Companies are struggling to keep up with security management

Updating security systems manually can increase corporate risk

Two-thirds of firms are at risk of security breaches because of erroneous changes being made to their security system, according to new research.

Keeping firewalls and business software up to date is becoming an increasingly onerous task for the IT department, amid a cascade of patches, new vulnerabilities and changes to business processes.

As a result, many systems intended to secure the enterprise are being updated incorrectly or inadequately, said Shaul Efraim, vice president of business development at Tufin Technologies.

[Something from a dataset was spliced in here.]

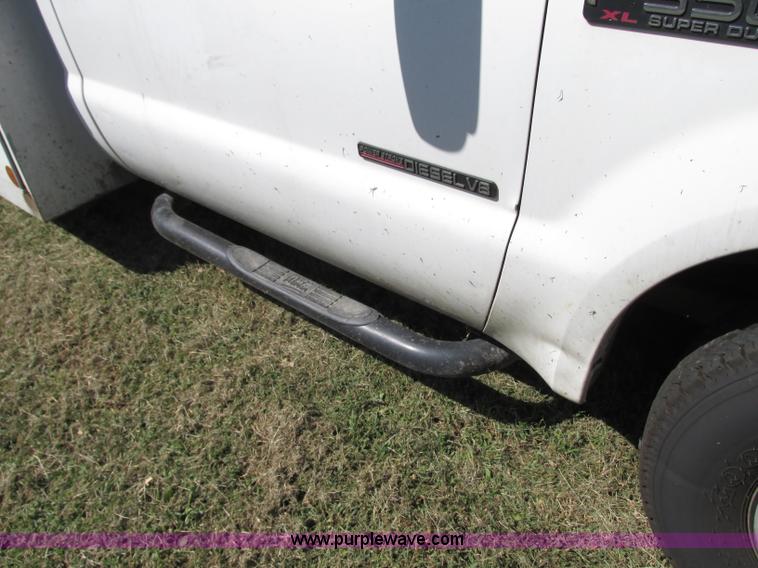 image for item J8713 2000 Ford F350 Super Duty service truck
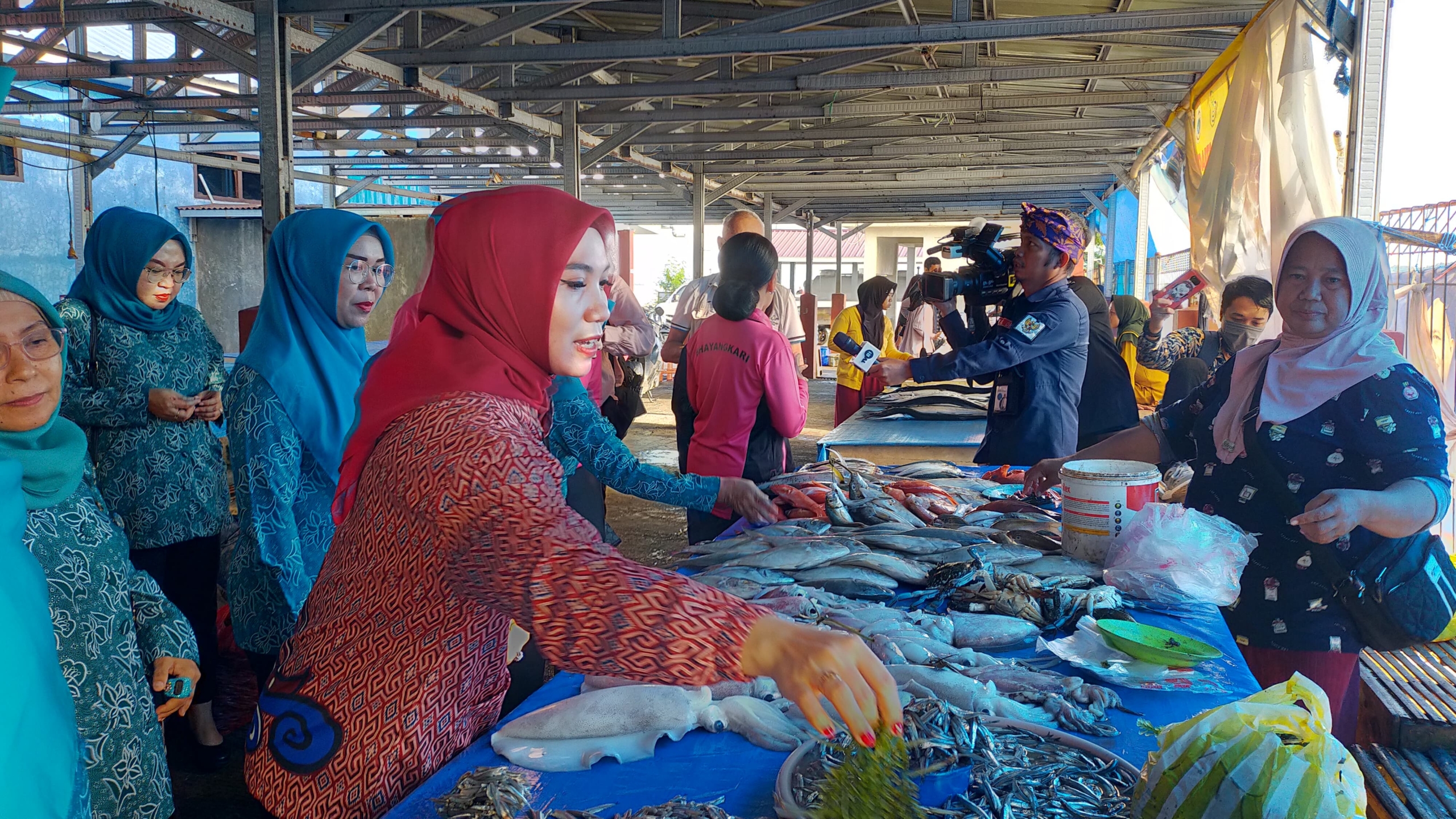 Pj Ketua PKK Sulbar  Kunjungi Pasar TPI Mamuju, Kampanyekan Makan Ikan Segar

Research undertaken on behalf of Tufin showed that 30 per cent of firms take several hours to change a firewall rule, while half reported they lack formal processes to update firewalls.

According to the poll of international network managers, 66 per cent said their change management processes left their firms vulnerable to security breaches.

Part of the problem stems from having IT staff make manual changes to security systems, said Efraim.

"We were surprised to learn that half the sample is still doing basic tasks manually, such as tightening up permissive rules, looking for shadowed rules, or re-certifying rules," he said.

Firms were wasting the time of experienced IT administrators by having them make these changes manually, he added.

But Andrew Kellett, a senior analyst at research firm Ovum, said that manual intervention remained a critical part of delivering enterprise-class security.

Automated security tools make sense for securing end points, such as laptops and smartphones, where organisations may have thousands of devices that need regular updates, he said.

But other parts of the security infrastructure, such as network firewalls, may need to be tightly managed and manually adjusted to ensure they meet the firm's needs, he added.

"There are benefits to both manual and automatic approaches - it depends on which parts of the infrastructure you're looking at and what the business' priorities are," he added.

One step many firms continue to miss is evaluating where they are in patching cycles, added Kellett: checking which devices have been updated successfully and which haven't.